**EXERCISE REQUIREMENTS**
Report each line of the data below in which "bedrooms" appears.

**PROVIDED RECORDS**
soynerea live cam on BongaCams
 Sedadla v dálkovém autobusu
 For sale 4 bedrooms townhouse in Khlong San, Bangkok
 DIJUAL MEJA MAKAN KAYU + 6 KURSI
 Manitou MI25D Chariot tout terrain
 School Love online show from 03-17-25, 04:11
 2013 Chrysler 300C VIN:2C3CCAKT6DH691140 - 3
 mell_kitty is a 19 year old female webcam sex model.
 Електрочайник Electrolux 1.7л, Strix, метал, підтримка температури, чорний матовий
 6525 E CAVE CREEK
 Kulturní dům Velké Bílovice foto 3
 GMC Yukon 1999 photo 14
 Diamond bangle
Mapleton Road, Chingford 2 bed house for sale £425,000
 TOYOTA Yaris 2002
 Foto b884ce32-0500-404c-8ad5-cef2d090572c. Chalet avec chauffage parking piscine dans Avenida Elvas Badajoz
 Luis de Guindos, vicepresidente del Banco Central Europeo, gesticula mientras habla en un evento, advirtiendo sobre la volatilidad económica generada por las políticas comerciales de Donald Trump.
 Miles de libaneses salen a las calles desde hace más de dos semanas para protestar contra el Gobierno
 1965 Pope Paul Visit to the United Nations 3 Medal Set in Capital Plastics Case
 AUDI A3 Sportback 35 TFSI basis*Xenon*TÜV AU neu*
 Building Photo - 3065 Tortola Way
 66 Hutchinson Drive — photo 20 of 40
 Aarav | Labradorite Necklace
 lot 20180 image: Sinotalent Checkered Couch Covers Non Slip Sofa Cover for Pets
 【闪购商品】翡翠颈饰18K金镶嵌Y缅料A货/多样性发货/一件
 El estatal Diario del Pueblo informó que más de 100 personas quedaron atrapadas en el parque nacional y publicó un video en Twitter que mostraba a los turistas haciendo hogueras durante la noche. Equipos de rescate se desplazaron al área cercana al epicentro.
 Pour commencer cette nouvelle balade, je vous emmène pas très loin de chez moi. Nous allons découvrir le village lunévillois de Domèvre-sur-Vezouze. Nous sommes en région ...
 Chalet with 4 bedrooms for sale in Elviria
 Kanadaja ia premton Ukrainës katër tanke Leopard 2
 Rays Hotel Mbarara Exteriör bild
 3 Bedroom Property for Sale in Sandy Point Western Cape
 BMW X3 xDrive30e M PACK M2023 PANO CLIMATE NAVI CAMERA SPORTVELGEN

**WRITTEN SOLUTION**
 For sale 4 bedrooms townhouse in Khlong San, Bangkok
 Chalet with 4 bedrooms for sale in Elviria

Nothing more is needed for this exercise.